Apresentado em Paris, o A2 é um hatch elétrico compacto com tração traseira e plataforma MEB+ do grupo Volkswagen. Com Cd 0,24 e até 646 km (WLTP), encomendas começam em 10/9 e entregas em dezembro.
A Audi confirmou o retorno do A2 como seu elétrico de entrada. Apresentado em Paris nesta segunda-feira (7), o hatch compacto tem tração traseira e adota a plataforma MEB+ do Grupo Volkswagen — a mesma utilizada pelo Volkswagen ID.3. O modelo declara coeficiente de arrasto de 0,24 e autonomia de até 646 km no ciclo WLTP.

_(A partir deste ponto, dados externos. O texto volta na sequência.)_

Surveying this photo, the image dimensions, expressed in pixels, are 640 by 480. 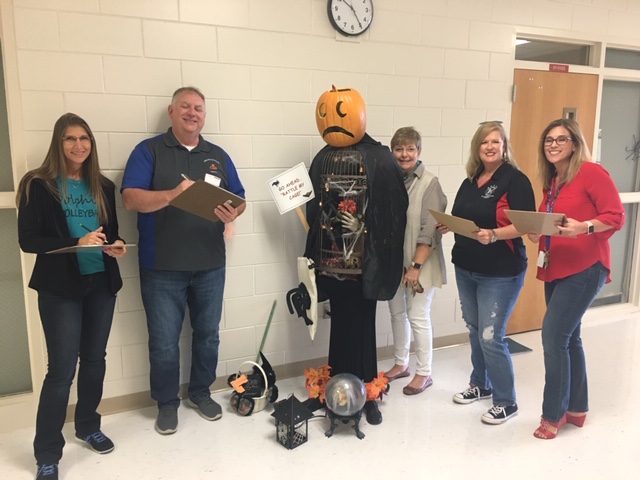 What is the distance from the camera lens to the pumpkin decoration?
94.0 inches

As encomendas abrem em 10 de setembro, com preço inicial de 38.200 euros na Alemanha, cerca de R$ 226 mil, e as primeiras entregas estão previstas para dezembro. A estratégia da Audi com o A2 e-tron se apoia na eficiência energética e na aerodinâmica, além de incorporar soluções de produção e reaproveitamento de equipamentos industriais.

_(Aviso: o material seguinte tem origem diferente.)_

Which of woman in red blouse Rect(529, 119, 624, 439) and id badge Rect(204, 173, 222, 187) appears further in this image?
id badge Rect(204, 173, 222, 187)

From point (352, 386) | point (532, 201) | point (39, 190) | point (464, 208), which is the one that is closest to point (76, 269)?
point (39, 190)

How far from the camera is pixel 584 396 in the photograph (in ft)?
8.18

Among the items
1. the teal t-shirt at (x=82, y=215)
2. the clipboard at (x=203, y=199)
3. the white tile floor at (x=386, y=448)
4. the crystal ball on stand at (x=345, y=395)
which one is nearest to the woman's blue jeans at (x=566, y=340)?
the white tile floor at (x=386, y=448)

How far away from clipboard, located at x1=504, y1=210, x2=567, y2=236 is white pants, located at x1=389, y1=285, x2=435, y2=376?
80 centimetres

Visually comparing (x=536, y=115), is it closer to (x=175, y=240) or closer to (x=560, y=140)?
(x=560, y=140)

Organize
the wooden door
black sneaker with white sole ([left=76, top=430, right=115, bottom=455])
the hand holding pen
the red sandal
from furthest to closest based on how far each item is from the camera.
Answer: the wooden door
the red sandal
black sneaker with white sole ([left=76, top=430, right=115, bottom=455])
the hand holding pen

O argumento central é o consumo: na versão de 190 cv com pacote de eficiência, o A2 e-tron registra 12,8 kWh/100 km, o menor índice já obtido por um Audi de série, segundo a fabricante. Para reduzir consumo e arrasto, a marca fechou quase todo o assoalho, adotou uma entrada de ar dianteira que permanece fechada em velocidade de rodovia e instalou redutores de folga nas caixas de roda, estreitando o vão entre pneu e para-lama. As maçanetas são elétricas e contam com reserva de energia própria para permitir abertura das portas em caso de pane.
O retorno do A2 também resgata elementos do histórico do modelo. Lançado em 1999 e produzido em Neckarsulm até 2005, o A2 original foi o primeiro compacto premium com carroceria integralmente em alumínio, baseado na estrutura Audi Space Frame. Em 2001, a versão 1.2 TDI, de 61 cv e 855 kg, com coeficiente aerodinâmico de 0,25, tornou-se o primeiro automóvel de quatro portas homologado com mais de 33,3 km/l. Ao todo, o A2 original alcançou 176.377 unidades produzidas.
O novo A2 oferece quatro níveis de potência, entre 170 cv (35,7 kgfm) e 326 cv (55,6 kgfm), e três capacidades de bateria: 52, 61 e 84 kWh. As duas baterias menores usam células de fosfato de ferro-lítio (LFP) coladas diretamente à carcaça; a de 84 kWh é de níquel-manganês-cobalto (NMC) e aceita recarga de até 183 kW, indo de 10% a 80% em 29 minutos. Os motores são síncronos de ímãs permanentes, com semicondutores de carbeto de silício e caixas com rolamentos de baixo atrito.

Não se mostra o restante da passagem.